Whether you need to store AAA Duracell batteries or a lead-acid battery from your camper, you want to do so properly.

You don’t want to return your RV battery to the trailer in April to find out it drained its power during winter storage. So, we have a few tips to help you store batteries long-term and avoid paying for new batteries.

A battery storage container with the lid open showing all of the different sized batteries.
We love our battery storage container. You can get your own at the link above.

Household Batteries

First, always take batteries out of unused devices. Store the batteries separately if you’re packing away flashlights or Thermacells until the next camping season. This avoids leaking and corrosion inside the device.

Keep batteries in their package until you need them. If you don’t have the packaging, face the positive ends in the same direction so the opposing ends don’t touch each other. This prevents a slow discharge.
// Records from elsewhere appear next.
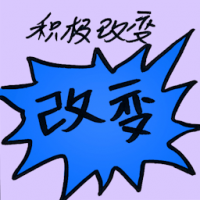 积极改变 positive change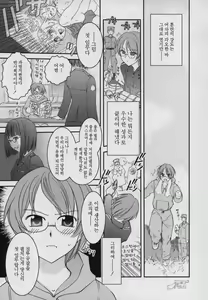 Page 26 of Yamatonadeshiko Zerozeroseven - preview thumbnail
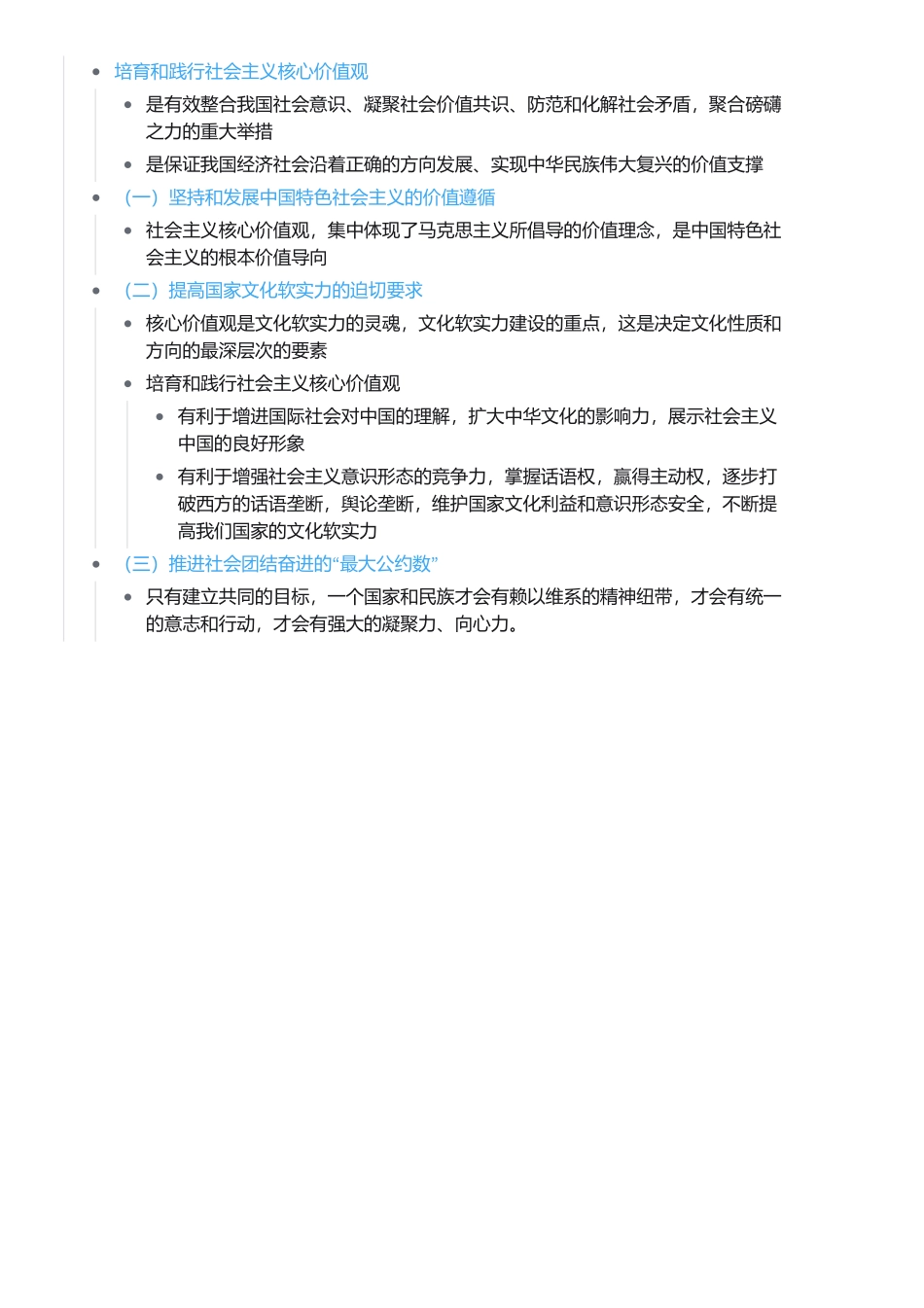 第四章 第一节 全体人民共同的价值追求.pdf_第3页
Also, keep batteries stored together based on their age and type. Older batteries can pull energy from newer batteries. Keep AAA batteries of the same age together, AA batteries of the same age, C batteries of the same age, and so on.

An up close shot of rows of different colored and sized batteries.

Rechargeable Batteries

Rechargeable batteries need to have some charge before storing them. You’ll want to have at least a 40% charge.
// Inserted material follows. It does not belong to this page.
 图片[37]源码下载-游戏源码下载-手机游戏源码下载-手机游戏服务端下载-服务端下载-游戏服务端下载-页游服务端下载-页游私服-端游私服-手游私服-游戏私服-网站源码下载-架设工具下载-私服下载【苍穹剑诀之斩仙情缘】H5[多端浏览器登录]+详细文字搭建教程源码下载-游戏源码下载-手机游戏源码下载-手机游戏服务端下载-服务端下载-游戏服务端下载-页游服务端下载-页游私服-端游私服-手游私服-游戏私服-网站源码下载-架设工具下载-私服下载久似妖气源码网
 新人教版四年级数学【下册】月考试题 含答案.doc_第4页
If they’re completely depleted, they may not recharge later. Then, when you get them back out, charge them fully before inserting them into any devices. Follow the same tips mentioned above about household batteries for rechargeable batteries.

Vehicle Batteries

If you’re not planning on using a vehicle for several months, take out the battery. But make sure it’s fully charged before doing so.

For RVs with lead-acid batteries, this might mean adding water. Ensure it’s clean of corrosion before storing it in a cool location.
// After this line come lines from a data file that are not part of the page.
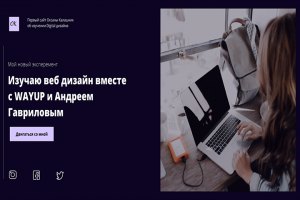 Работа 4106508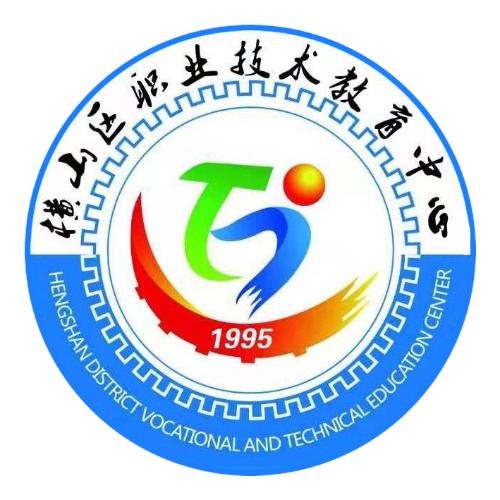 榆林市橫山區(qū)職業(yè)技術(shù)教育中心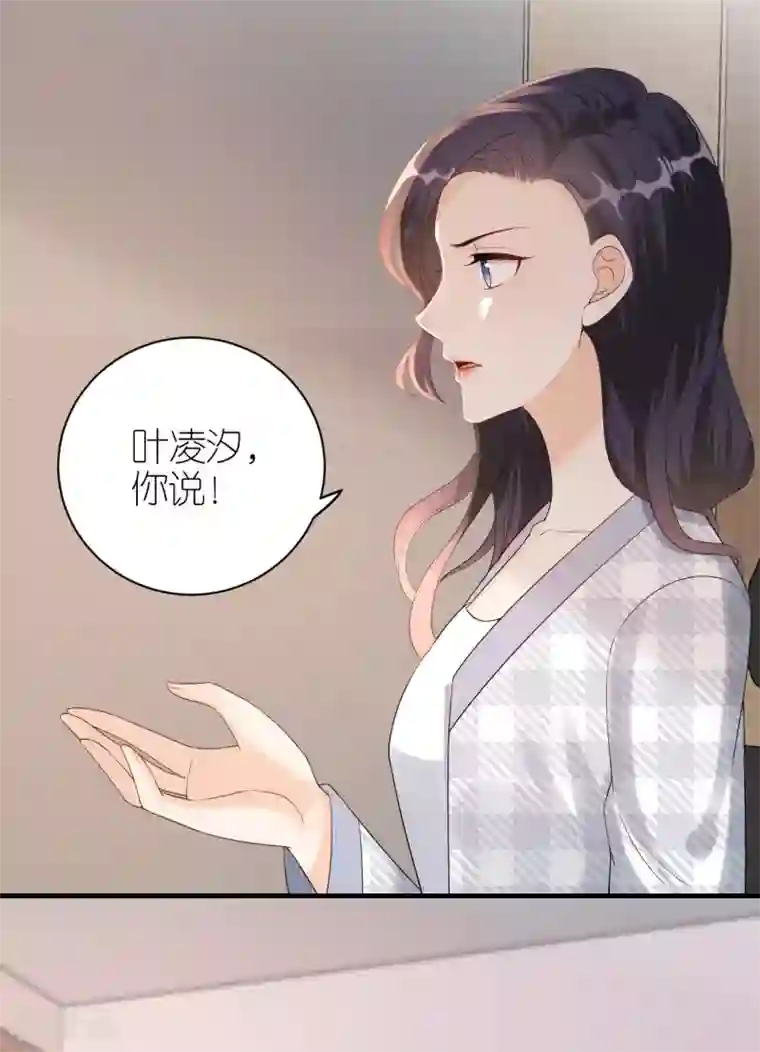 分手进度99第59话 真相大白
You don’t want to keep a vehicle battery in a room that will get below freezing. So, if you’re storing your battery on a shelf in your garage, you’ll want to reconsider if you live in a state like Wisconsin.

Check out RV Lithium Batteries Won’t Save You Money in the Long Run before buying yours.

How Long Do Batteries Last In Storage?

Household batteries can last for years in their original packaging when stored properly. Individual manufacturers will have information about their particular batteries.

For example, according to Energizer, shelf life varies from 12 months to 20 years. Energizer Recharge batteries last up to 12 months in storage, while Energizer Ultimate Lithium AA and AAA can last up to 20 years.

Duracell Coppertop AA and AAA alkaline batteries with POWER BOOST ingredients will last up to 12 years in storage.

Vehicle batteries are another story. If they aren’t used for months, they’ll slowly discharge. You can top off your batteries periodically to help extend their shelf life. But it’s likely a vehicle battery stored for more than six months to a year won’t work when you get it back out.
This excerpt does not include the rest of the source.